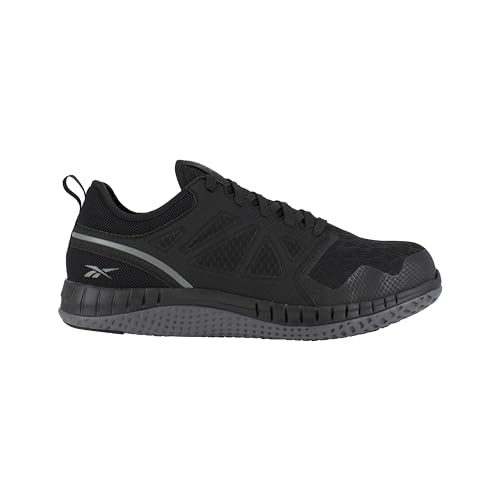 Image of Reebok Work Zprint Work Steel Toe Men's Oxford, 8 2E US, Black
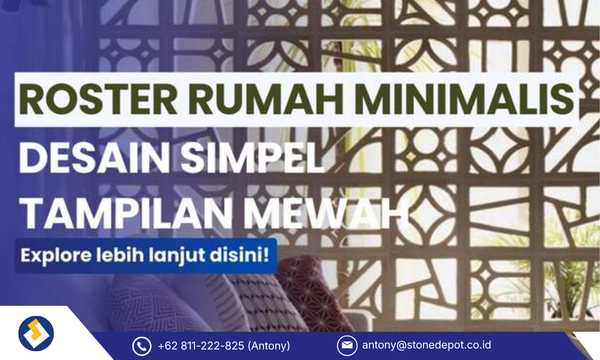 Roster Rumah Minimalis: Desain Simpel, Tampilan Mewah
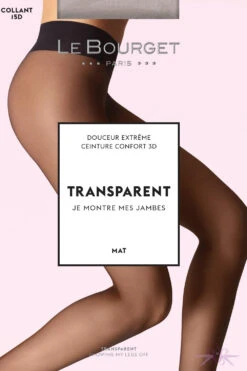 Le Bourget 15 Denier Nanofibre Matt Tight 7 Le Bourget 15 Denier Nanofibre Matt Tight -Glamour Lace Shop Mayfair StockingsTRANSPARENT1HS 29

_Brief_
Could you transcribe all of the data exactly and omit the pictures?

_Answer box_
 Image of Reebok Work Zprint Work Steel Toe Men's Oxford, 8 2E US, Black
 Roster Rumah Minimalis: Desain Simpel, Tampilan Mewah
 Le Bourget 15 Denier Nanofibre Matt Tight 7 Le Bourget 15 Denier Nanofibre Matt Tight -Glamour Lace Shop Mayfair StockingsTRANSPARENT1HS 29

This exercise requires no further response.